17-A. A question similar to the one under discussion in the context of provisions contained in Ss. 132, 133 and 142(1)(a) of Mysore Land Reforms Act, 1961, came up before this Court very recently in Noor Mohd. Khan Ghouse Khan Soudagar v. Fakirappa Bharmappa Machenahalli [AIR 1978 SC 1217]. The majority decision, after approving Kulkarni [AIR 1966 SC 166], and distinguishing Musamiya and referring to Dhondi Tukaram held that a question arose during the pendency of the suit and the execution proceeding whether by the final allotment of the land to the appellant, respondent No. 1 has ceased to be a tenant in view of Section 52 of the Transfer of Property Act. This question according to the opinion of the majority fell squarely and exclusively within the jurisdiction of the revenue authorities and the Civil Court had no jurisdiction to decide it and a reference to the competent authority was inevitable, and no discretion was left in the Civil Court in this behalf. So observing, the majority upheld the decision of High Court which had set aside the decree of the trial Court awarding possession because in the opinion of the High Court no actual delivery of possession can be given against the person claiming to be a tenant unless the requirements of the Mysore Land Reforms Act, 1961, were satisfied. It may be noticed that the scheme of the provisions in Mysore Land Reforms Act, 1961, under discussion in the decision were in pari materia with the scheme of Ss. 70, 85 and 85-A of the Tenancy Act.

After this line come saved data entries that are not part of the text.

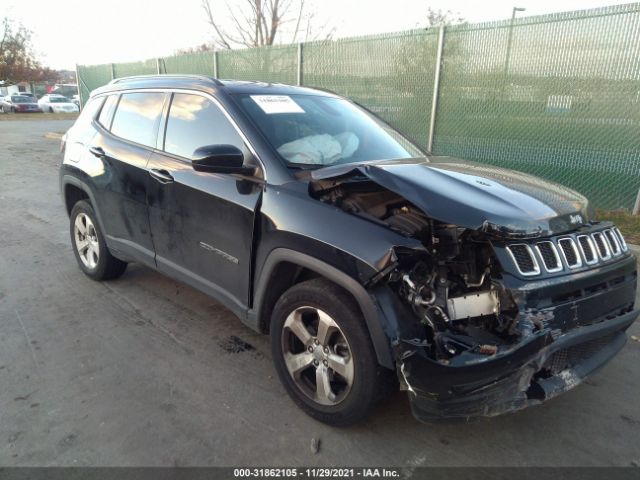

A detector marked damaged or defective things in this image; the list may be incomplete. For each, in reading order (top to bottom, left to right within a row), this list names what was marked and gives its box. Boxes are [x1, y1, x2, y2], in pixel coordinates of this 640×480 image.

crumpled hood [304, 157, 592, 237]
damaged front bumper [392, 255, 636, 420]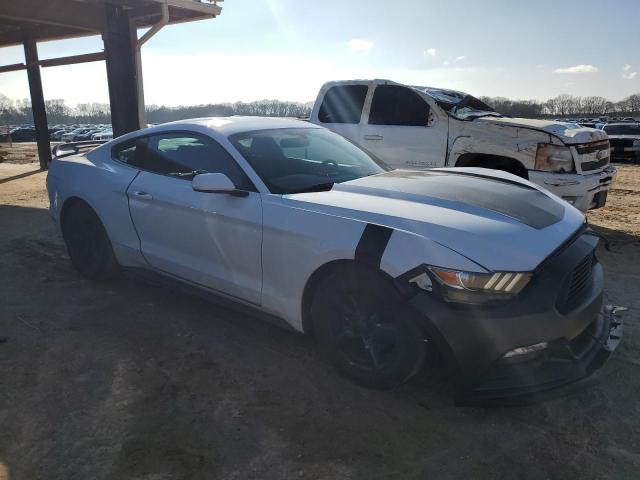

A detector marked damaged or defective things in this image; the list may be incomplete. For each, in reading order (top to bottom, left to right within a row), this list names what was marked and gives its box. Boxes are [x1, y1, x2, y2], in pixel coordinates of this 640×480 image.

damaged white car [47, 118, 624, 404]
damaged white car [312, 79, 616, 211]
damaged front bumper [408, 232, 624, 404]
damaged front bumper [528, 165, 616, 212]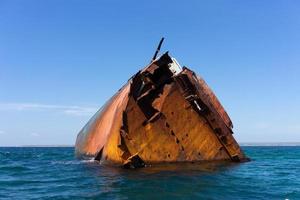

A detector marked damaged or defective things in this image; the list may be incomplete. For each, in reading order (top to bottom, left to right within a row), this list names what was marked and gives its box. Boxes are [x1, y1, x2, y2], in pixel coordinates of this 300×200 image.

corroded metal hull [74, 52, 246, 167]
rusty shipwreck [75, 38, 248, 167]
damaged hull plating [75, 52, 248, 167]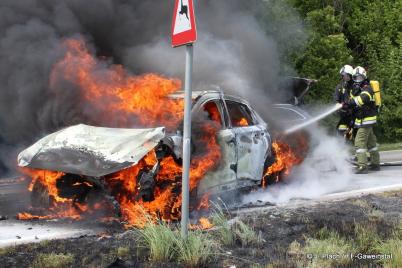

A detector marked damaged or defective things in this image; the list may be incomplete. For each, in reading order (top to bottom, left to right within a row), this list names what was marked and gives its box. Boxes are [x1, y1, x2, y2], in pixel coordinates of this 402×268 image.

burned vehicle wreckage [16, 79, 314, 222]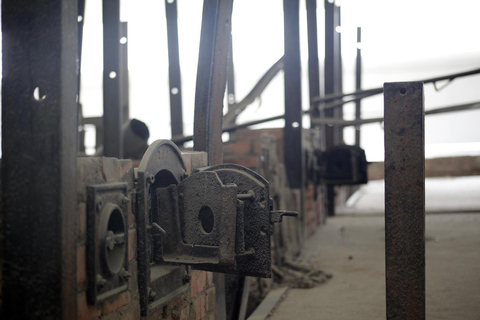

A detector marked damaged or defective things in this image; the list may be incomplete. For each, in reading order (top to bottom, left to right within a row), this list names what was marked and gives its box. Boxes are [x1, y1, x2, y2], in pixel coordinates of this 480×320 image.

corroded metal surface [384, 81, 426, 318]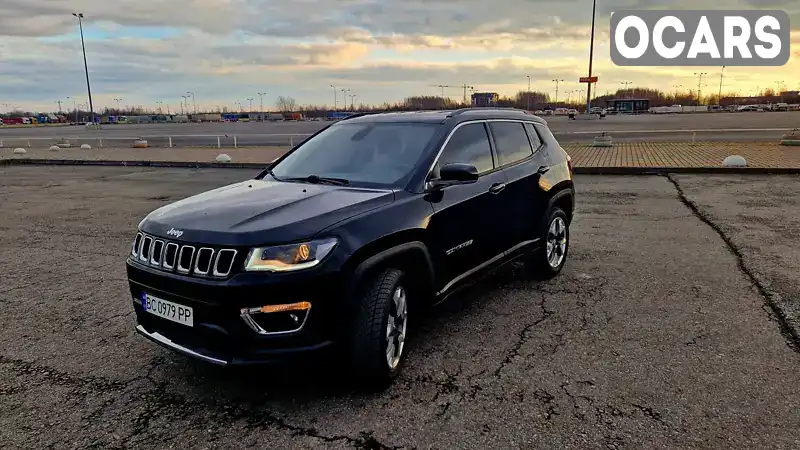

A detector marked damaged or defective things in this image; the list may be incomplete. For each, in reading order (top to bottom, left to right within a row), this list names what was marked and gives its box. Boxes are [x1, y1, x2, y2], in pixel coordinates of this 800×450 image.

cracked asphalt pavement [1, 167, 800, 448]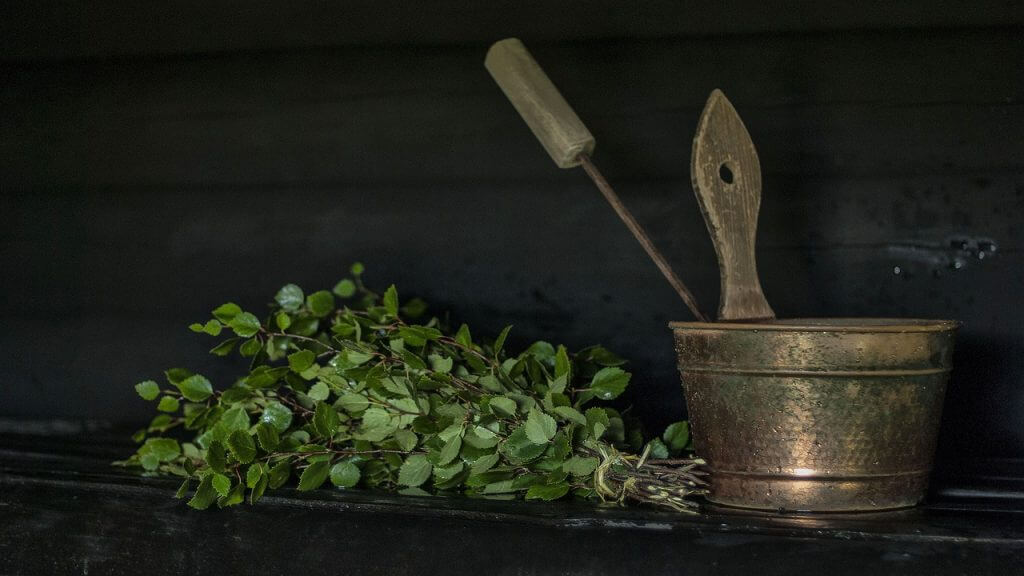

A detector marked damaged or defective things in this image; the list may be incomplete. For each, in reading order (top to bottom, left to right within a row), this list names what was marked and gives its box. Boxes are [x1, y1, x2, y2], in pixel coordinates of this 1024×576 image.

rusty metal shaft [581, 152, 708, 323]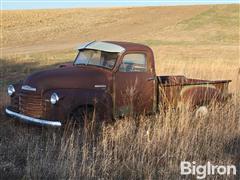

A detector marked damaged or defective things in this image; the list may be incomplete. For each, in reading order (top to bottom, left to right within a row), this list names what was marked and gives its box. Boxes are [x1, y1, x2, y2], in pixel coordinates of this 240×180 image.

rusty pickup truck [4, 41, 232, 127]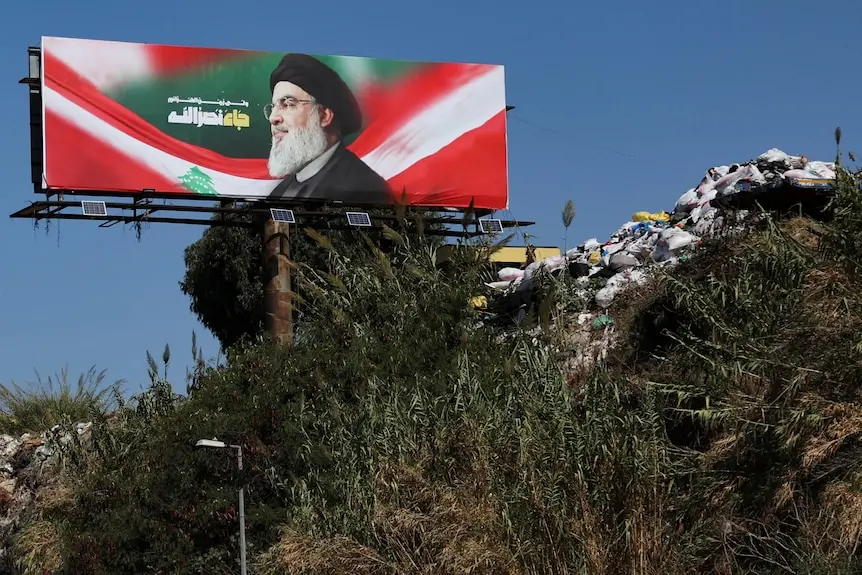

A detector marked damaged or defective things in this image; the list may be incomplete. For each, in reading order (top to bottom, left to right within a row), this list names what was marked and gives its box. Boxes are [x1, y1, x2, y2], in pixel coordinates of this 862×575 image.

rusty metal pole [262, 218, 296, 346]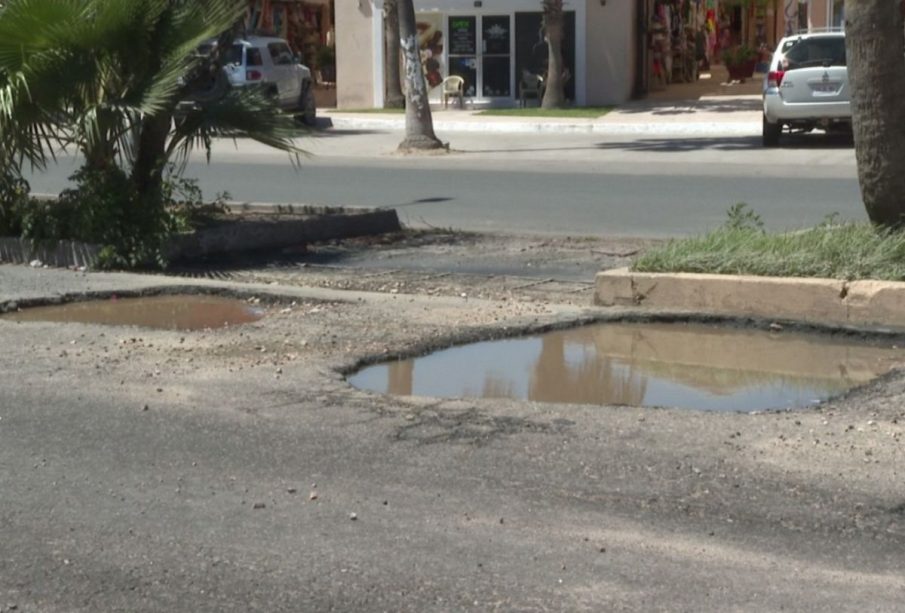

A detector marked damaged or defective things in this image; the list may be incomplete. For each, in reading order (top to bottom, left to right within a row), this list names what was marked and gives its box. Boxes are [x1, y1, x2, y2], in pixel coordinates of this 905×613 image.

brown water in pothole [1, 292, 264, 328]
water-filled pothole [1, 292, 264, 328]
pothole [1, 292, 264, 330]
brown water in pothole [348, 320, 904, 412]
water-filled pothole [348, 320, 904, 412]
pothole [348, 320, 904, 412]
cracked asphalt [1, 233, 904, 608]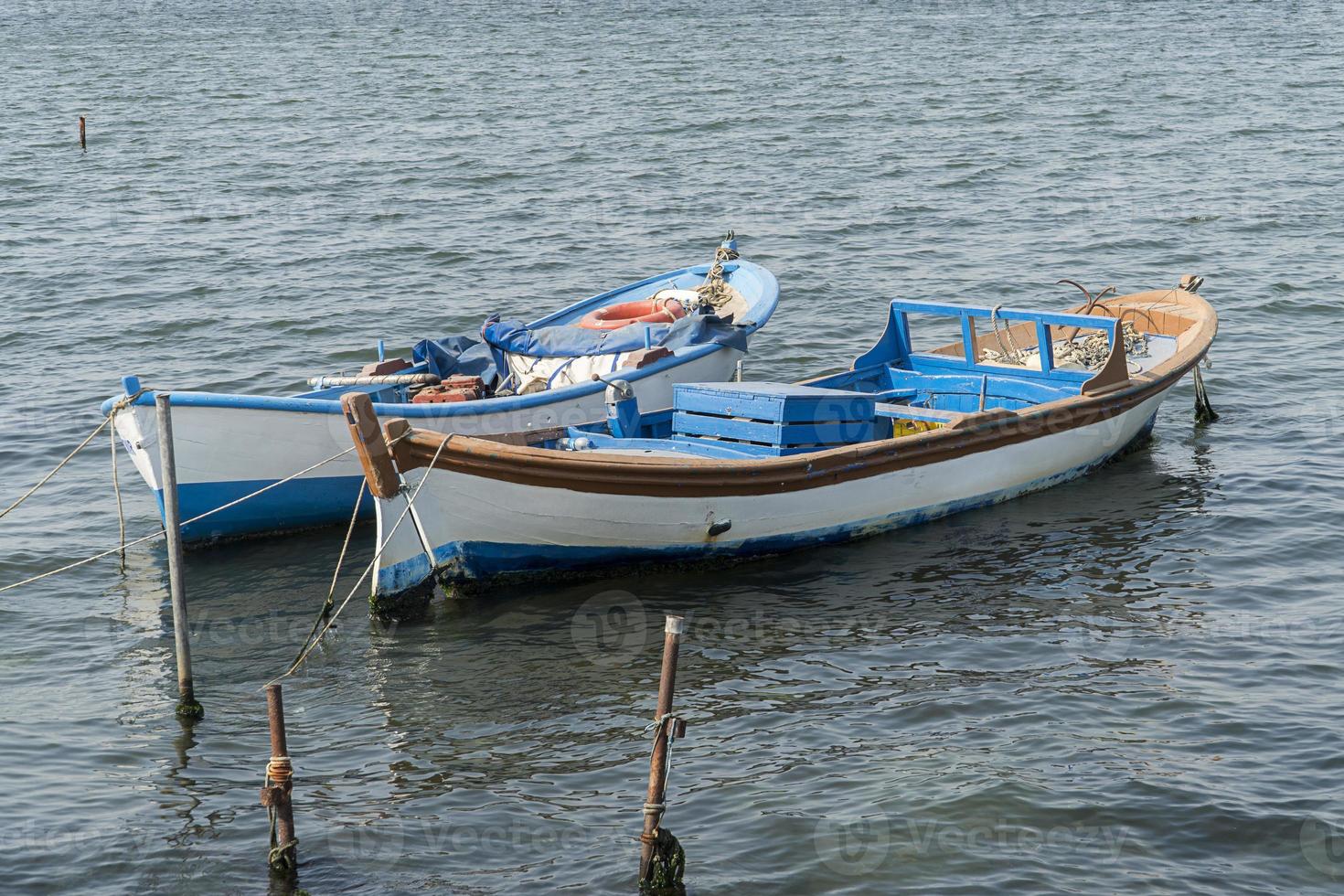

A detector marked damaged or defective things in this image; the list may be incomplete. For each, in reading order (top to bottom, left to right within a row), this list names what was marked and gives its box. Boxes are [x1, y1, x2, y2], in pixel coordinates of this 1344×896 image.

rusty metal pole [155, 394, 201, 720]
rusty metal pole [259, 688, 296, 870]
rusty stake with rope [258, 688, 298, 870]
rusty metal pole [636, 617, 682, 880]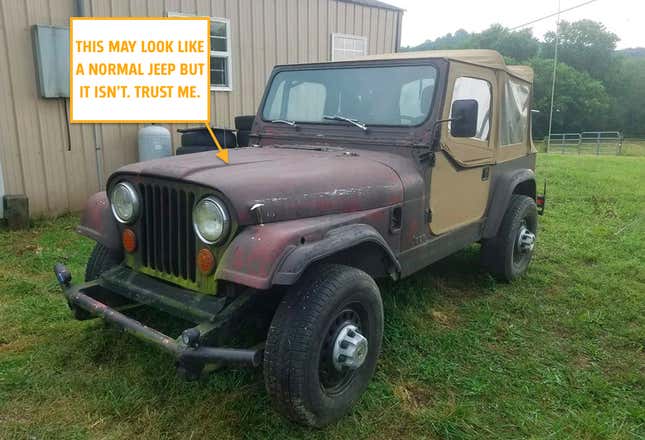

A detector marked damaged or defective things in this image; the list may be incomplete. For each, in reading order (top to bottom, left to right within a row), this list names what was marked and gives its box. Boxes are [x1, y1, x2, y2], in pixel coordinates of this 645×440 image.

rusty jeep cj [54, 49, 544, 428]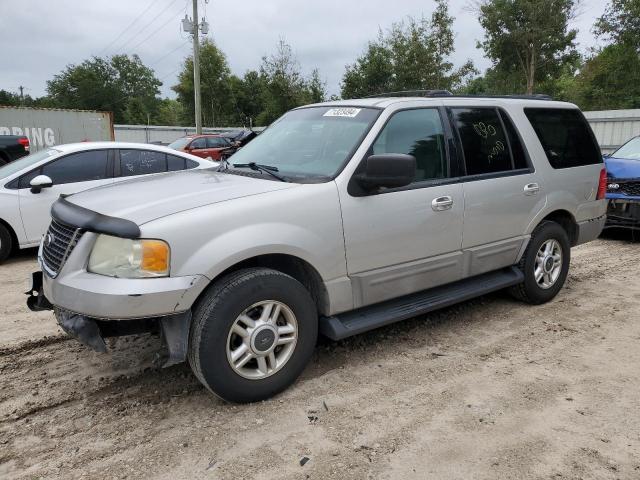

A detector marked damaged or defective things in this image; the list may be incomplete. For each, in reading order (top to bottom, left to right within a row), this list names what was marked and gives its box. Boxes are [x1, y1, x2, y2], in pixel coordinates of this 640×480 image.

damaged front bumper [604, 198, 640, 230]
damaged front bumper [25, 270, 195, 368]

18. Thus, both on principle and on authority there is no escape from the conclusion that where in a suit properly constituted and cognizable by the Civil Court upon a contest an issue arises which is required to be settled, decided or dealt with by a competent authority under the Tenancy Act, the jurisdiction of the Civil Court to settle, decide or deal with the same is not only ousted but the Civil Court is under a statutory obligation to refer the issue to the competent authority under the Tenancy Act to decide the same and upon the reference being answered back, to dispose of the suit in accordance with the decision of the competent authority under the Tenancy Act.

19. If, plaintiff sued for specific performance of a contract for sale of agricultural land governed by the provisions of the Tenancy Act in the Civil Court and the defendant appeared and raised a contention that in view of the provisions contained in S. 63 of the Tenancy Act the plaintiff being not an agriculturist he is barred from purchasing the land, the issue would arise whether the plaintiff is an agriculturist. Such an issue being within the exclusive jurisdiction of the Mamlatdar, it is incumbent upon the Civil Court to refer the issue to the competent authority under the Tenancy Act and the Civil Court has no jurisdiction to decide or deal with the same. That issue arises in the suit from which the present appeal arises and both the trial Court and the High Court were in error in clutching at a jurisdiction which did not vest in them and, therefore, on this ground alone this appeal will succeed.